Top of Provided material

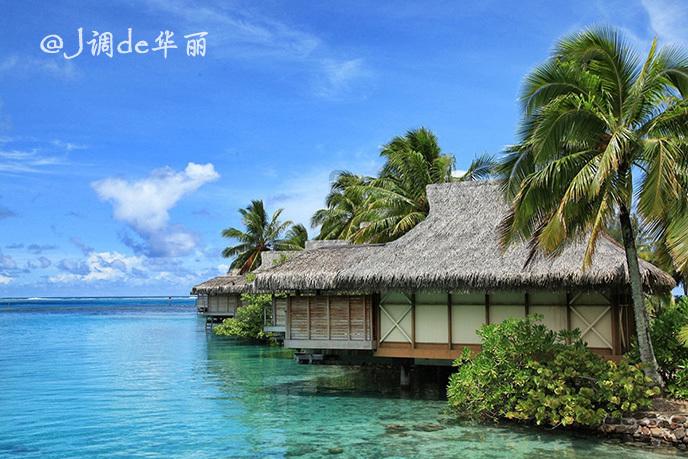 美丽小空姐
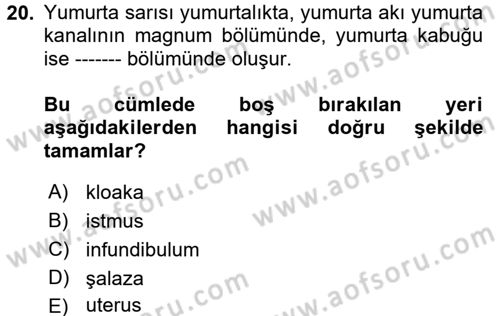 Temel Yem Bilgisi ve Hayvan Besleme Dersi 2017 - 2018 Yılı 3 Ders Sınavı 20. Soru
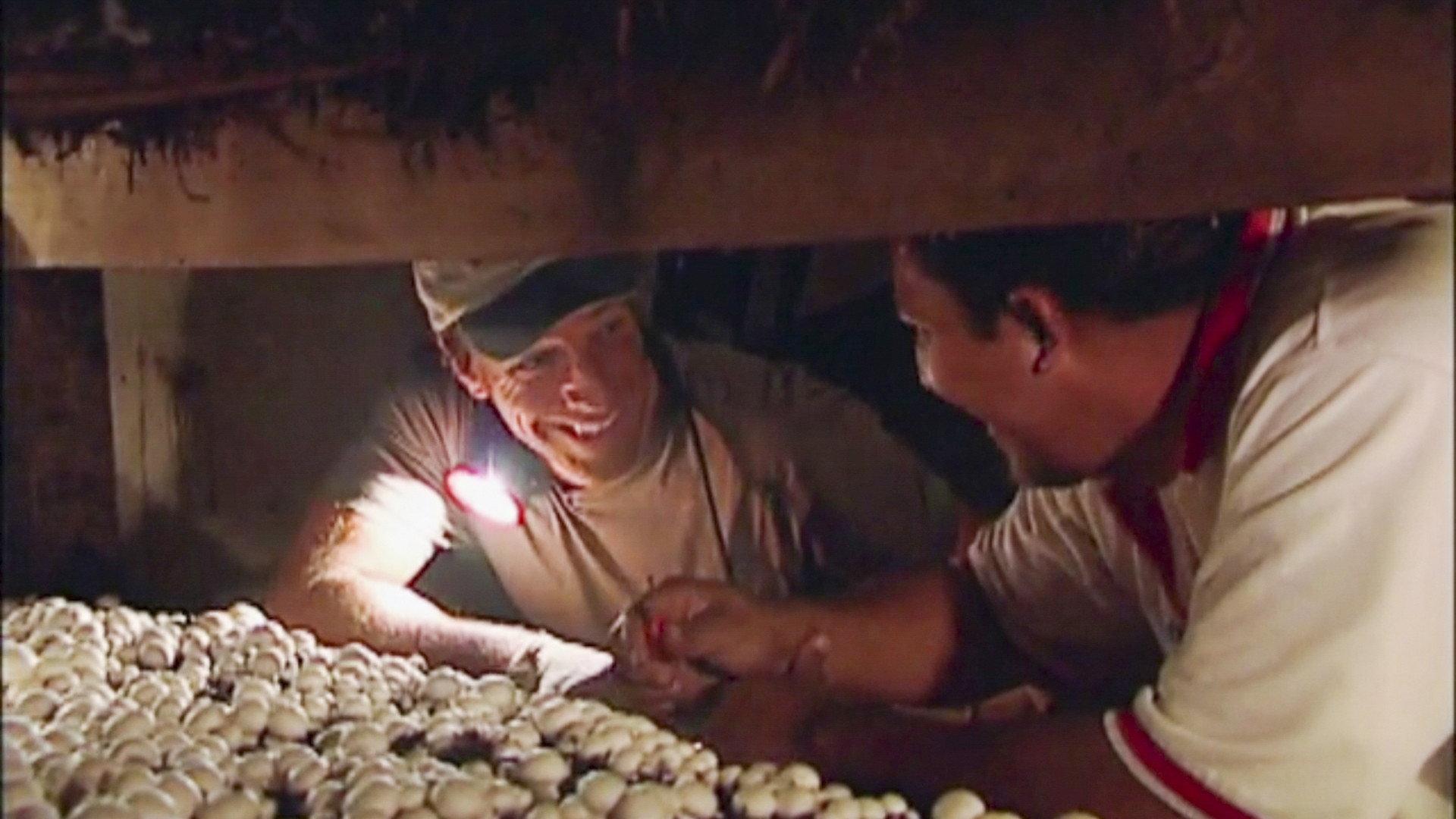 Still from Mushroom Farmer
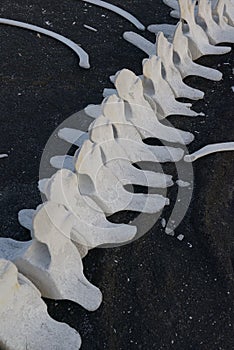 Whale bones at Punta Espinosa, Fernandina Island, Galapagos Islands photo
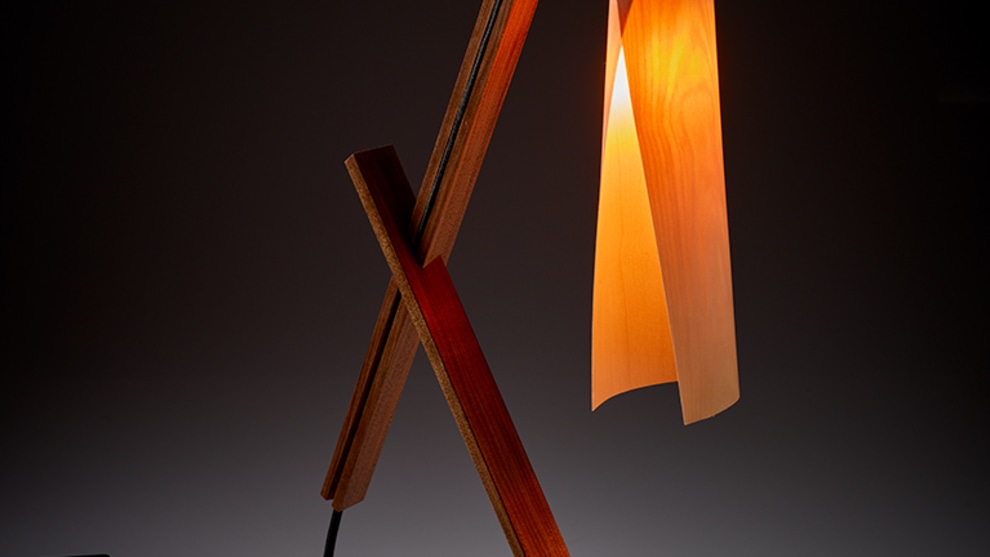 Jamie Dobbs HIkari lamp. Photo: Peter Whyte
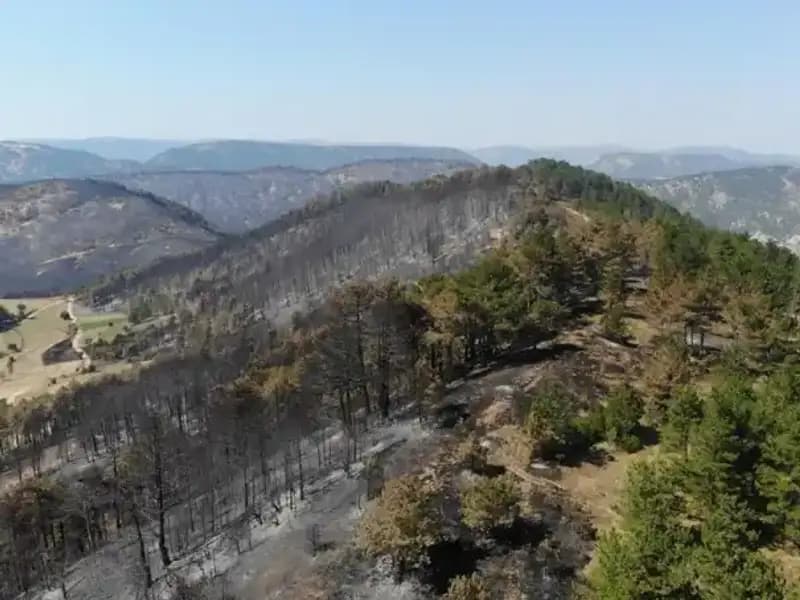 Bolu'da 5 Milyon Fidanın Toprakla Buluşacağı Büyük Yeşil Proje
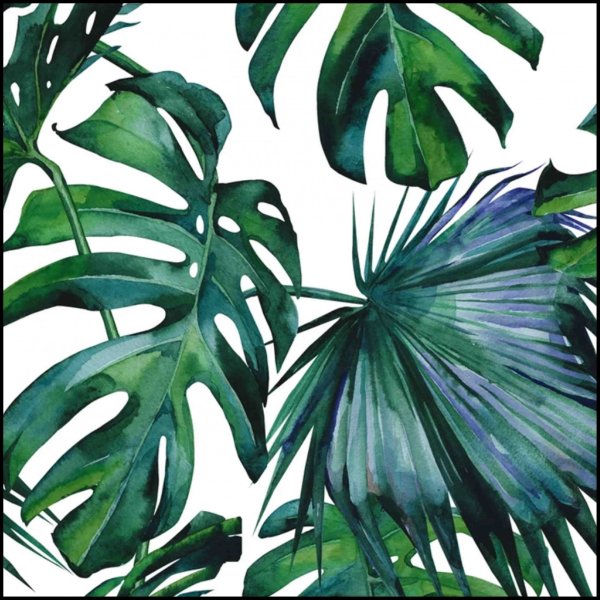 Тропические листья Aralia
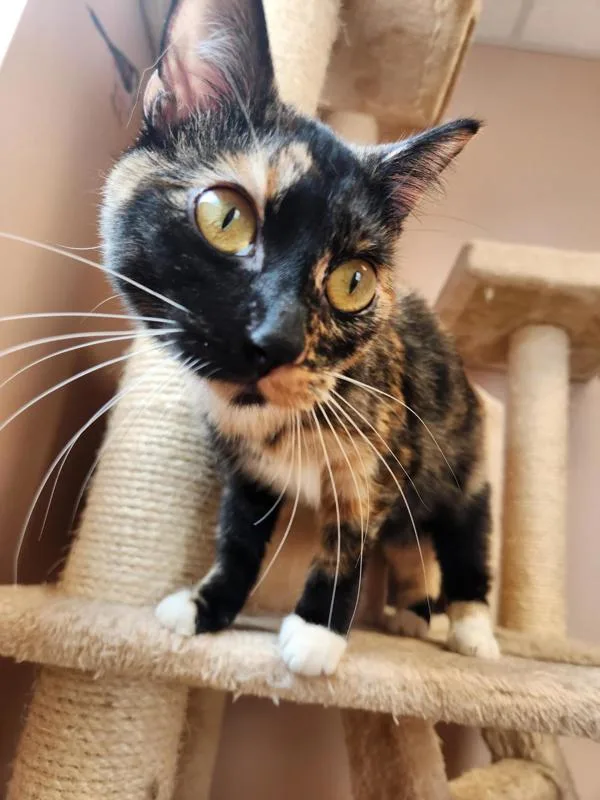 A young small-sized female Domestic Short Hair cat named Sparrow for adoption in Great Falls, MT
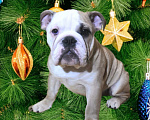 Собаки в Санкт-Петербурге: Щенок английского бульдога Мальчик, Бесплатно - фото 1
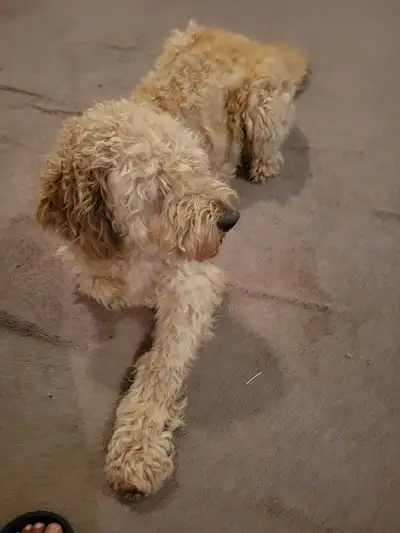 Golden Doodle-Male-$3200, View more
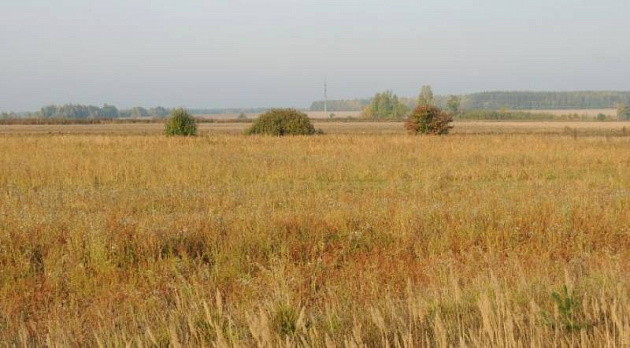 Земельный участок 3 021 902 м² фото 24441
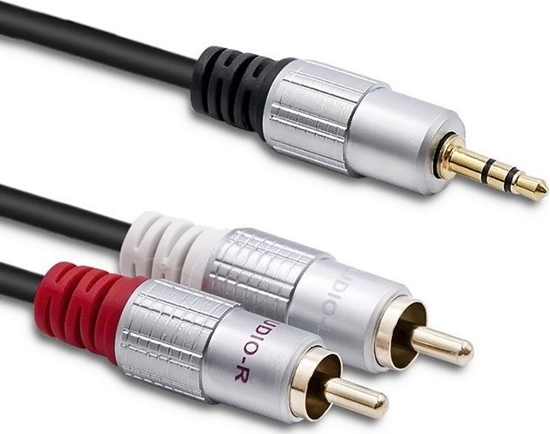 Picture of Kabel Qoltec Jack 3.5mm - RCA (Cinch) x2 2m czarny (1_789341)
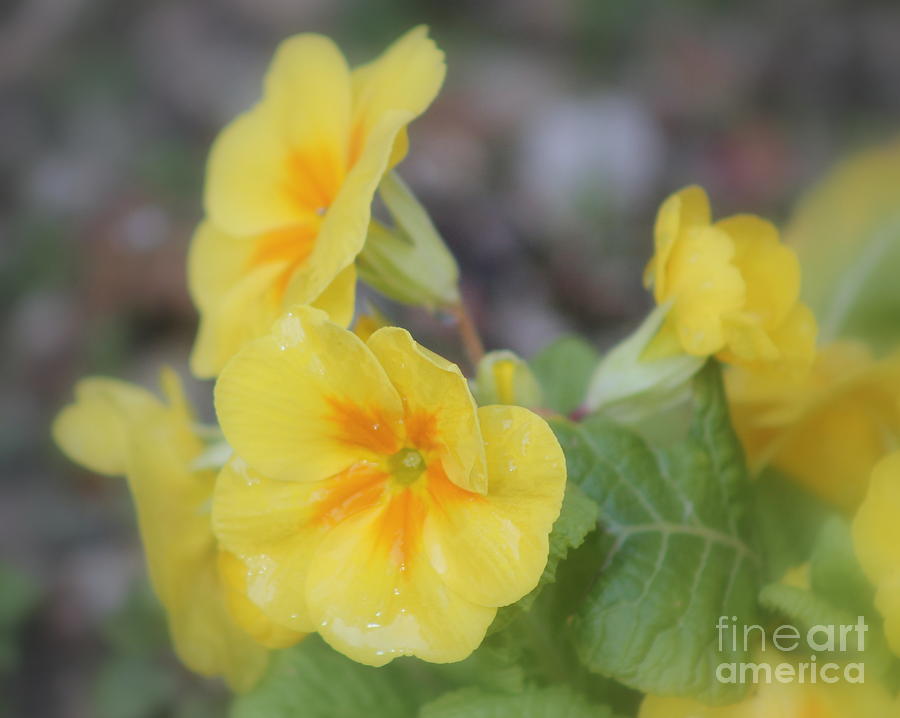 Yellow Primrose Photograph by Leone Lund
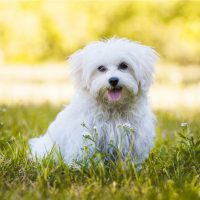 Young maltese dog in a meadow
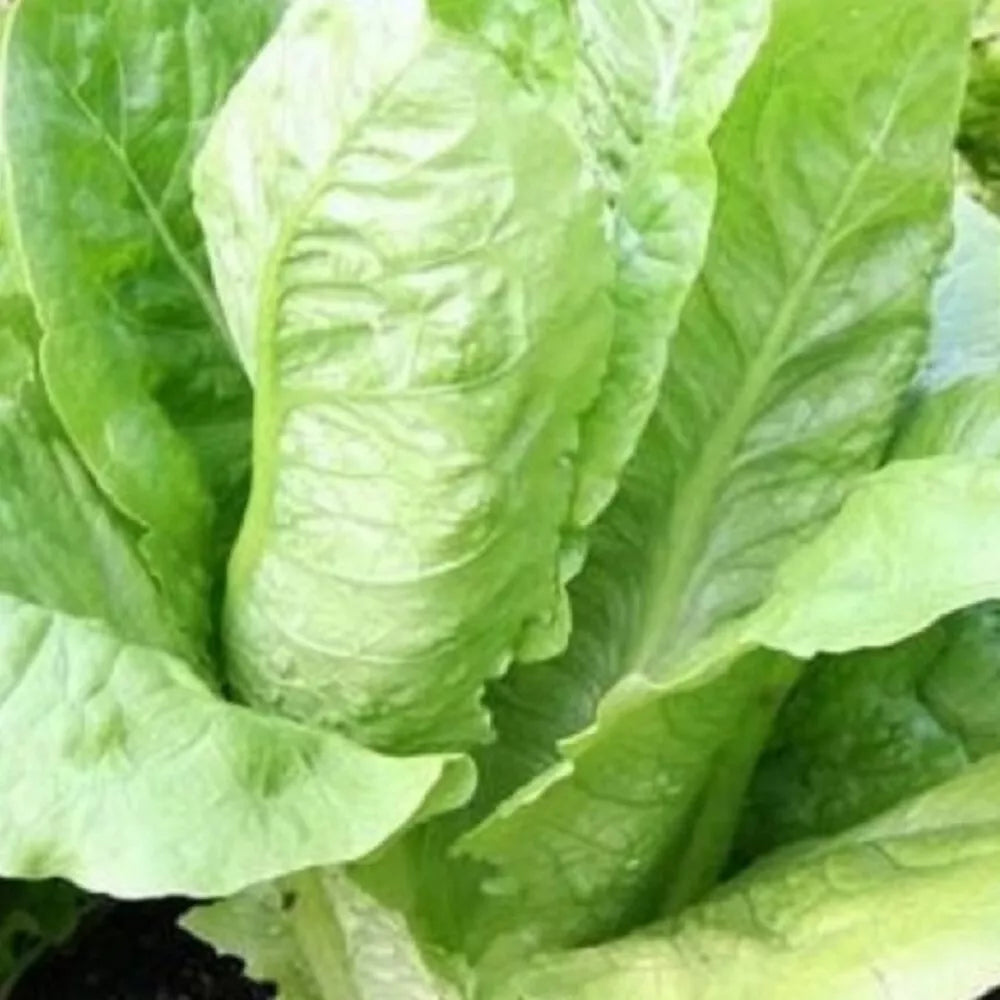 Parris Island Romaine Lettuce Seeds | Non-GMO Heirloom Garden Seeds | Lactuca sativa | Crisp, Dark Green, Full Sun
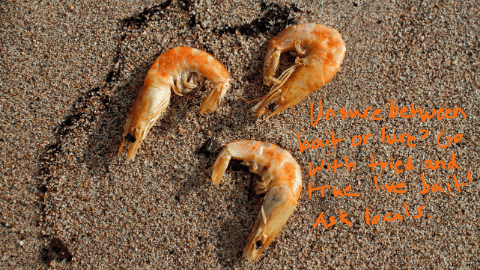 Unsure? Go with live bait!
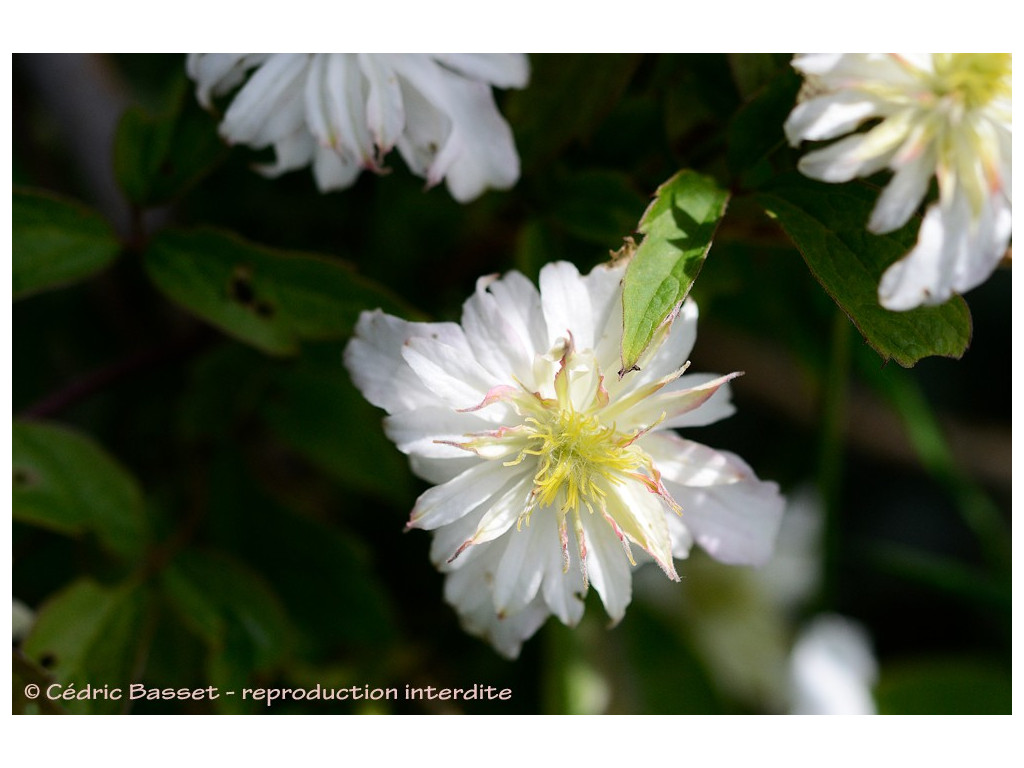 CLEMATIS MONTANA 'JENNY KEAY'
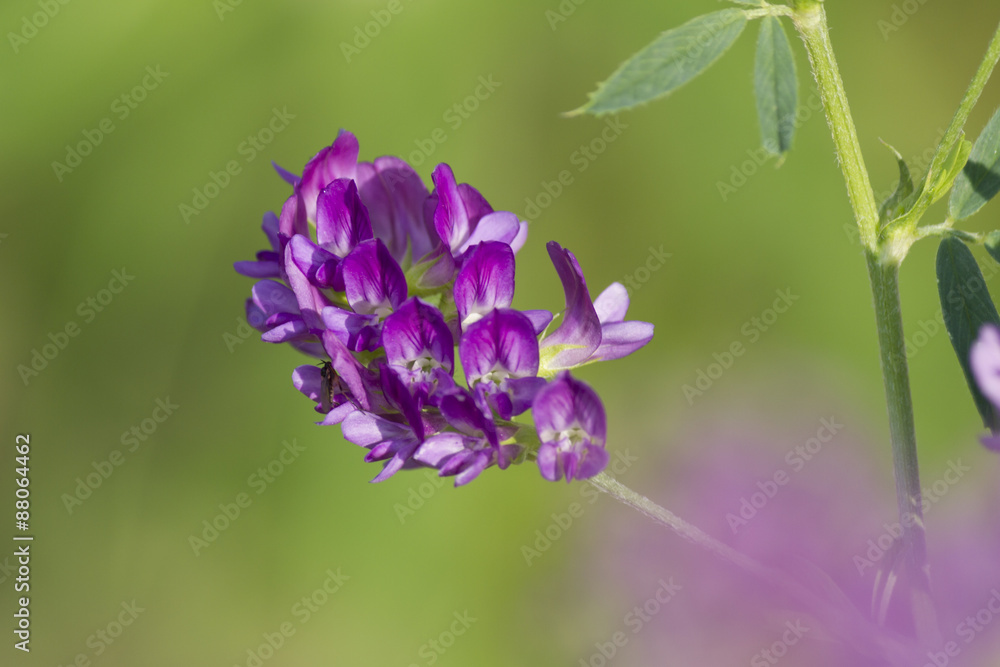 Obraz premium wildflower in the meadow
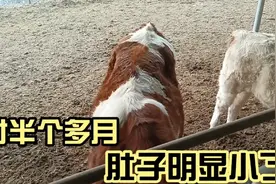 牛喂成了大肚子到底好不好，怎样才能减下去视频封面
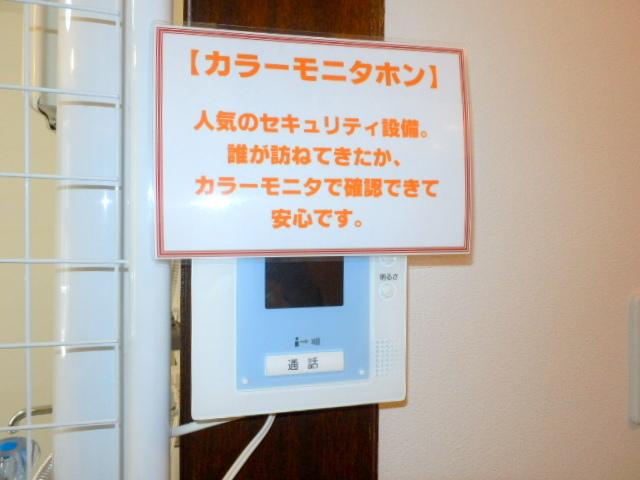 Security. It is a TV monitor with intercom of peace of mind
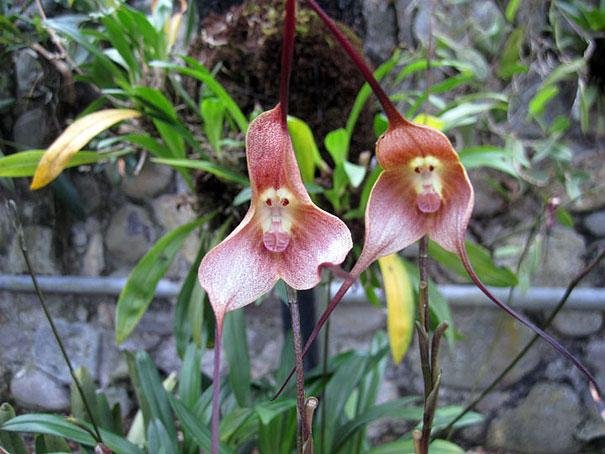 Monkey Face Orchid  Dracula Simia .jpg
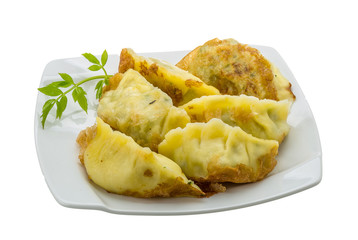 Japan dumplings - gyoza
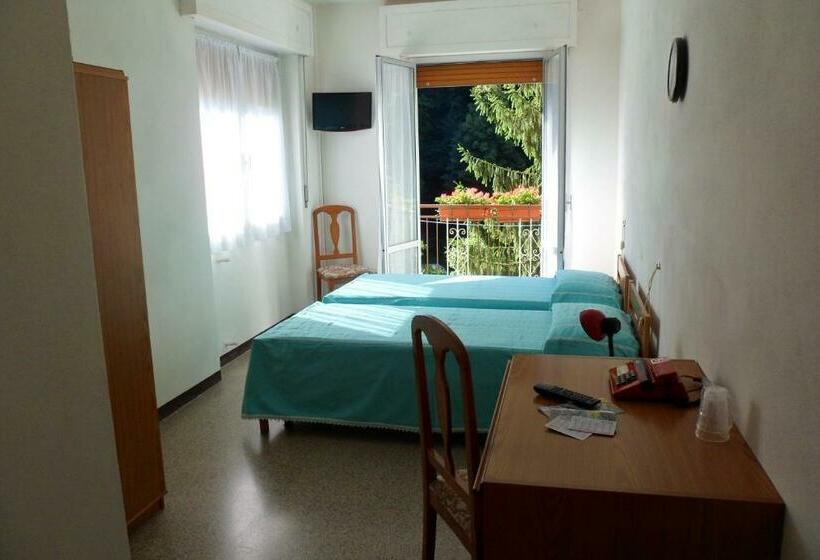 Номер Стандарт с Балконом, Albergo Regina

Bottom of Provided material

__Work instructions__:
Pictures are to be left out; the records above must be repeated word for word.

__Solution for this problem__:
 美丽小空姐
 Temel Yem Bilgisi ve Hayvan Besleme Dersi 2017 - 2018 Yılı 3 Ders Sınavı 20. Soru
 Still from Mushroom Farmer
 Whale bones at Punta Espinosa, Fernandina Island, Galapagos Islands photo
 Jamie Dobbs HIkari lamp. Photo: Peter Whyte
 Bolu'da 5 Milyon Fidanın Toprakla Buluşacağı Büyük Yeşil Proje
 Тропические листья Aralia
 A young small-sized female Domestic Short Hair cat named Sparrow for adoption in Great Falls, MT
 Собаки в Санкт-Петербурге: Щенок английского бульдога Мальчик, Бесплатно - фото 1
 Golden Doodle-Male-$3200, View more
 Земельный участок 3 021 902 м² фото 24441
 Picture of Kabel Qoltec Jack 3.5mm - RCA (Cinch) x2 2m czarny (1_789341)
 Yellow Primrose Photograph by Leone Lund
 Young maltese dog in a meadow
 Parris Island Romaine Lettuce Seeds | Non-GMO Heirloom Garden Seeds | Lactuca sativa | Crisp, Dark Green, Full Sun
 Unsure? Go with live bait!
 CLEMATIS MONTANA 'JENNY KEAY'
 Obraz premium wildflower in the meadow
 牛喂成了大肚子到底好不好，怎样才能减下去视频封面
 Security. It is a TV monitor with intercom of peace of mind
 Monkey Face Orchid  Dracula Simia .jpg
 Japan dumplings - gyoza
 Номер Стандарт с Балконом, Albergo Regina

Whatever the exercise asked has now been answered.